Donors argue that Mr Kagame is stewarding a necessarily painful transition to normality. And donors like Rwanda because funds donated for education, healthcare and preventing Aids are, by and large, wisely spent.

It is also true that Mr Kagame has notched up a series of near-miraculous achievements. Only a decade after the devilish orgy, Rwanda is one of Africa's safest countries. Kigali residents can walk the streets at night without fear of muggings or carjackings. In the hilly countryside, Hutu and Tutsi families live side by side in a co-existence that is, on the surface at least, harmonious. The government has embarked on imaginative reforms, such as using the traditional courts to help deal with 90,000 genocide suspects.

And the economy is among Africa's fastest growing, albeit largely thanks to the aid funds inflow.

But the West's guilt-swathed generosity, bereft of criticism of Mr Kagame's vice-like grip on power, may be storing up problems for the future. Rwandans are reserved and difficult to read. In public, many subscribe to the official mantra that they are "not Hutu, not Tutsi, but Rwandan". Underneath the thin democratic veneer, however, dangerous currents are swirling.

Many Tutsi survivors feel Mr Kagame has failed to address their concerns, particularly in terms of justice against genocide perpetrators, 30,000 of whom are due for early release this June. Resentment also simmers among Hutus. Some believe Mr Kagame is determined to keep them underfoot in revenge for the genocide and as a means of cementing his hold on power. There is also anger that reprisal massacres against Hutus in the mid-1990s are not acknowledged. Some locals claim the dead were buried alongside Tutsi genocide victims at the nearby Murambi memorial site. Such sinister claims are unverified but they highlight the lack of open debate about Rwanda's painful past.

Mr Kagame leads the way in squashing dissent. When a CNN interviewer questioned him this week about last year's disputed presidential elections, in which he was awarded 95 per cent of the vote, the president impatiently dismissed the allegations as concerns that "most Rwandans" did not share. But they do.

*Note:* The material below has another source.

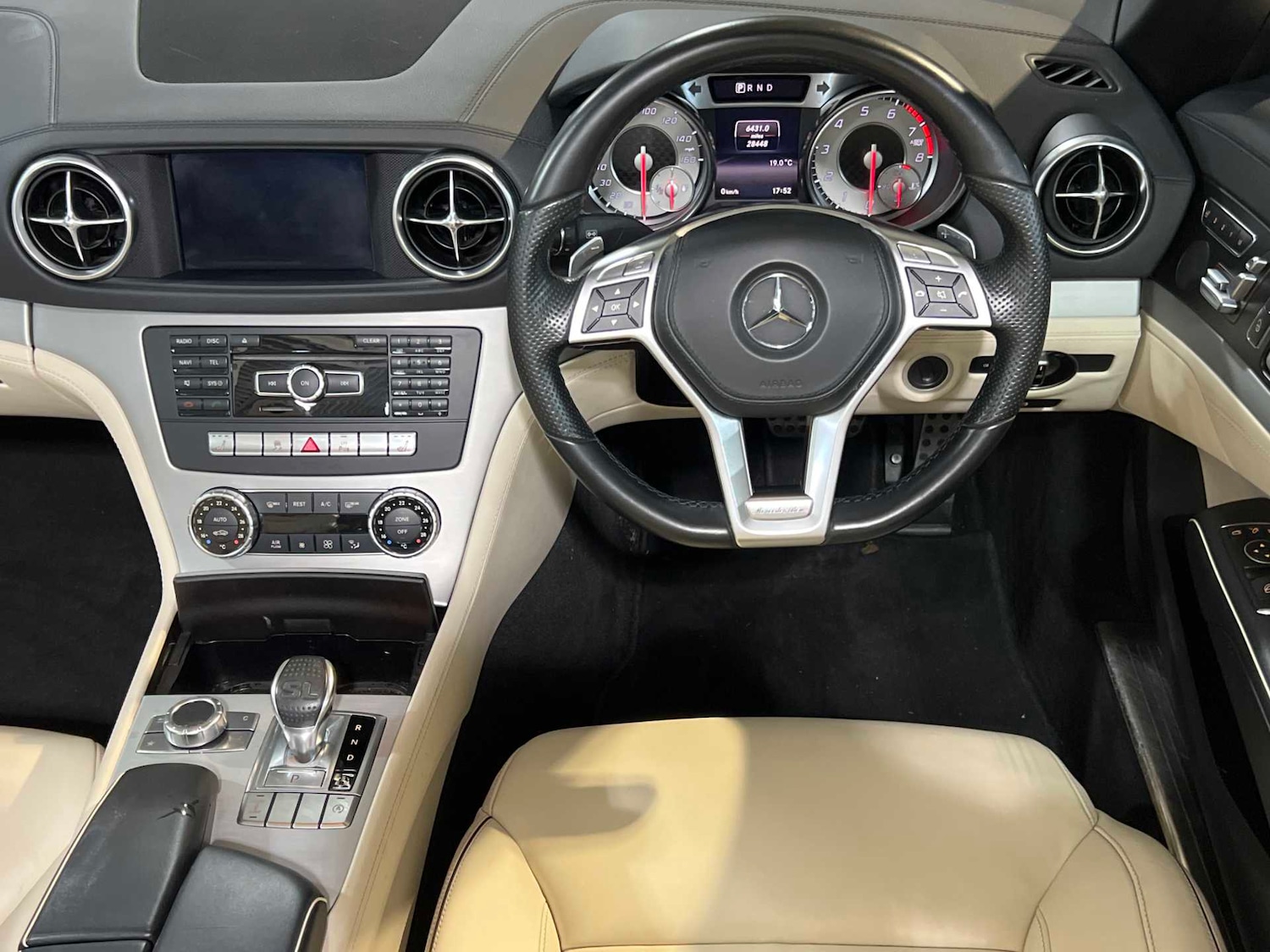 Used Mercedes-Benz SL 2016 for sale - 76587746: Photo 17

Neither ethnic group has a monopoly on the truth, although Hutus must shoulder an immense collective blame. There is no easy solution to the conundrum of a threatened Tutsi minority - a problem mirrored in neighbouring Burundi - were the Hutus to be in charge again, but the honest discussion that is now being suppressed is a necessary first step.

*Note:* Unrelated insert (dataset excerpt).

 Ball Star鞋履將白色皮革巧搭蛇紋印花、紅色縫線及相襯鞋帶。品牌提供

Rwanda is a fragile nation that is still struggling to recover from unfathomable evil. Mr Kagame is correct to blame Western racism for the disgraceful failure to make a strong intervention in 1994, which exacerbated the genocide. And history could yet prove that his iron-fisted leadership was necessary. But the precedents are not good - few leaders who win elections with a 95 per cent majority end up building lasting democracies.

Influential donors such as Britain must differentiate between the survivors of the genocide and their government. If Rwanda is not ready for democracy, then all sides should say so honestly. Hutu extremists masterfully exploited intolerance to prepare the genocide of the Tutu people. Now Mr Kagame must encourage open debate to help steer Rwanda towards a harmonious future, one where the post-holocaust mantra - "never again" - regains its meaning.